Like most government initiatives, food regulation is pursued with the best of intentions.  Who guarantees the safety of food? How does the consumer know what is in his food?  If the government does not interfere how can we avoid getting suckered by greedy agricultural corporations?  These concerns are not trivial, but the government solution, too often the first and final, is ineffective and inefficient.  When a government agency is granted regulatory powers, it displaces any existing authority and essentially prevents independent product testing agencies from operating. These agencies, in the absence of government ones, would be the mechanism to deliver detailed and relevant information to consumers about the food products they buy. Similar to Good Housekeeping or Consumer Reports, such organizations would be trusted names with incentives to preserve their objectivity.  Given the levels of corruption in government agencies regulating multi-billion dollar industries, the quality of information and oversight would likely be higher.

The power of government agencies to withhold products from market gives bouts of paranoia serious repercussions. During the sporadic mad cow scares beef from “infected” countries was banned, even when there was little to no risk it carried the disease. This overreaction impacted businesses geared toward the meat industry, an unfortunate and unnecessary side-effect.  Government regulations are not foolproof, as the 2007 Peter Pan Peanut Butter fiasco demonstrated.  Despite being tested by the agency, batches of salmonella-infected peanut butter slipped through. Mistakes would still be made without the government directly overseeing food safety testing, but such a system would probably be no worse than our current one, and the advantages of a freer food industry make deregulation very attractive.

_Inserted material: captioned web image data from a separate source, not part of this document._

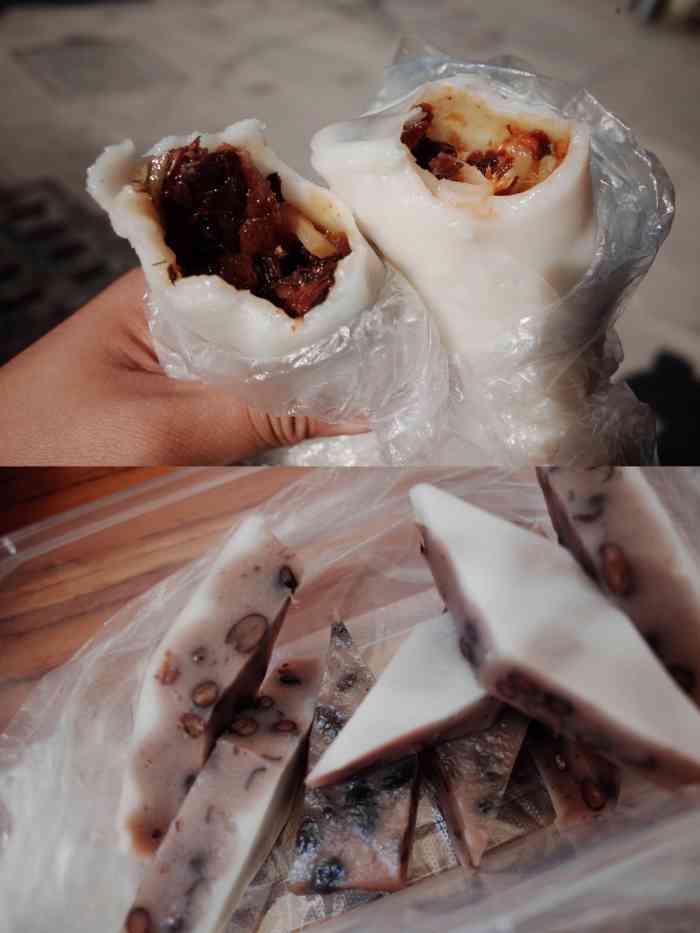 弟哥手工藤羹-"一早饿着肚子赶到诸暨,就想尝试一下这家店.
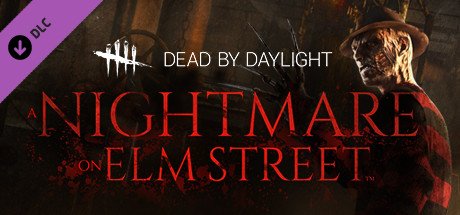 Dead by Daylight - A Nightmare on Elm Street cover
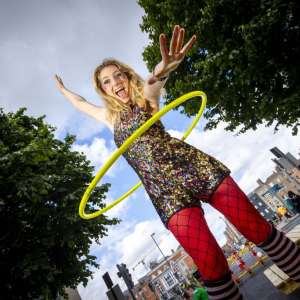 Fortnight to go to Kaleidoscope presented by Glenveagh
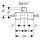 Geberit 41313 Mapress Therm T-St&uuml;ck mit IG
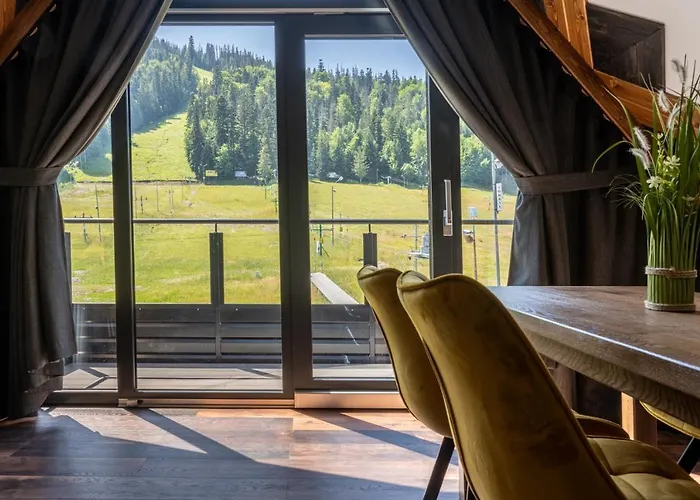 Διαμέρισμα Polana Pod Nosalem - Zachod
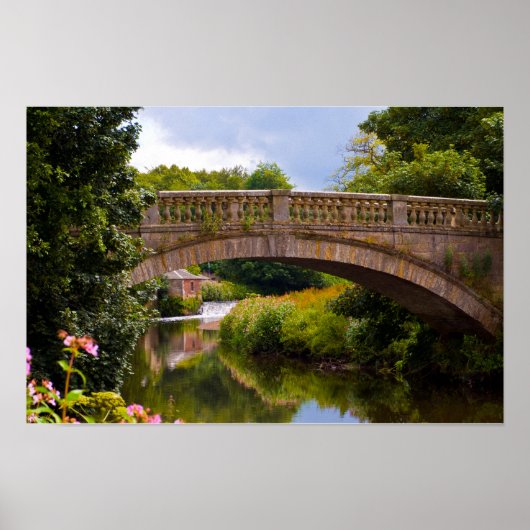 Pollok Park, Glasgow Poster (Vorne)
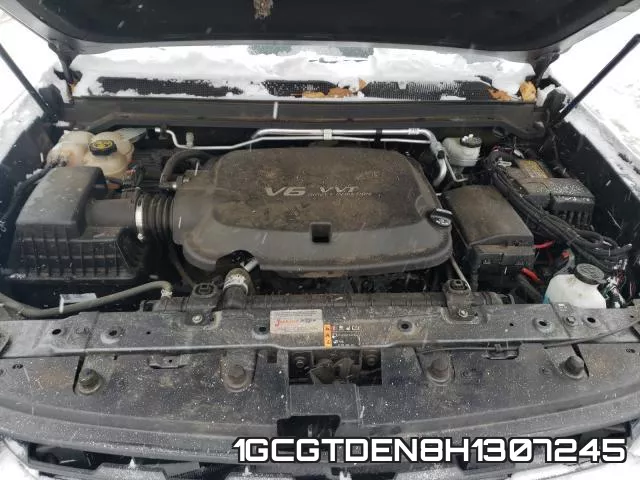 1GCGTDEN8H1307245 фото 6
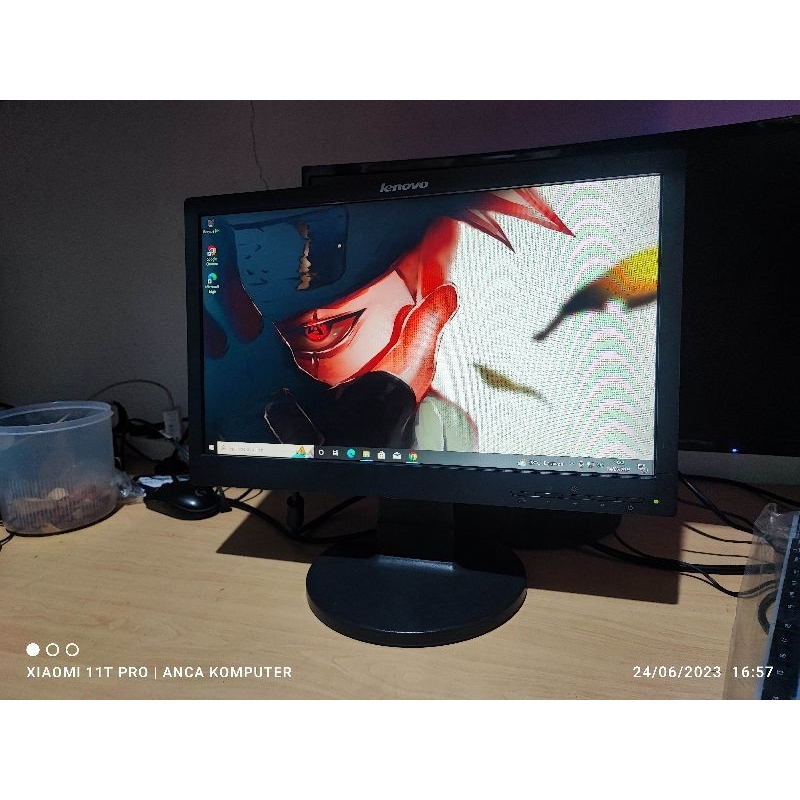 MONITOR 19&quot; INCH LENOVO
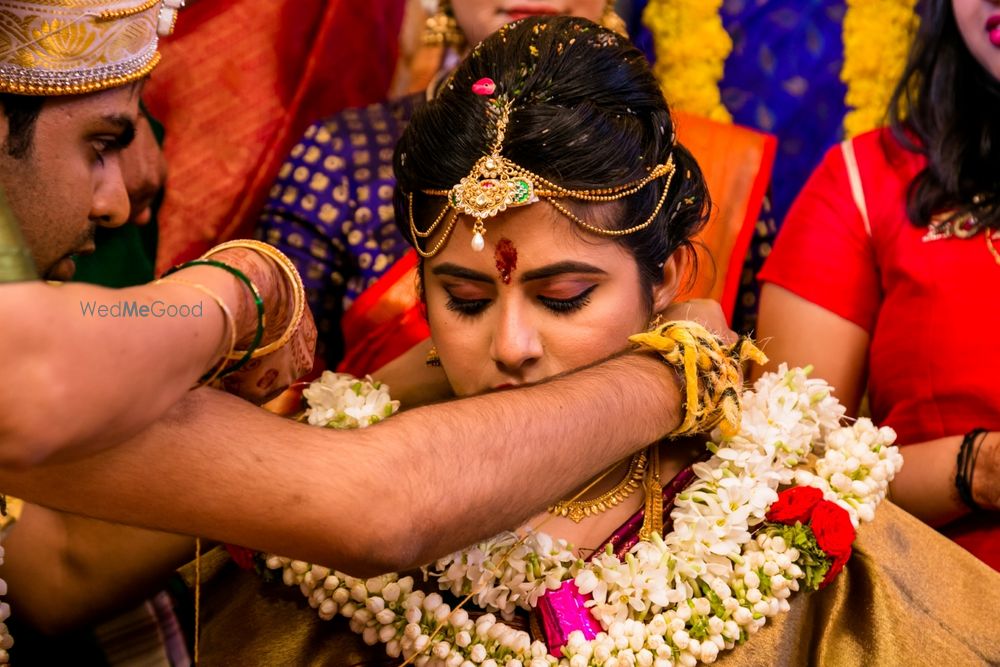 Photo From South Indian Brahmin Wedding - Shashwathi & Shravan - By Sharath Padaru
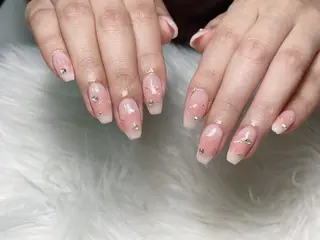 ネイル lucky nail 歌舞伎町のネイルデザイン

Perhaps the most significant advantage would be the reduction of food prices concomitant with deregulation.  As it is now, thousands of dollars are funneled into jumping through regulatory hoops set up by the FDA.  Ultimately, this cost is passed onto the consumer, who must spend more for food than free-market price. Government regulations artificially inflate the price of food, both by mandating compliance to manufacturers and by pricing out cheaper, riskier food alternatives.  The government’s place is not to make dietary decisions for its citizens, and it is inexcusable that the government makes buying food harder for its citizens.  If we care about the quality, safety, or availability of food we must deregulate.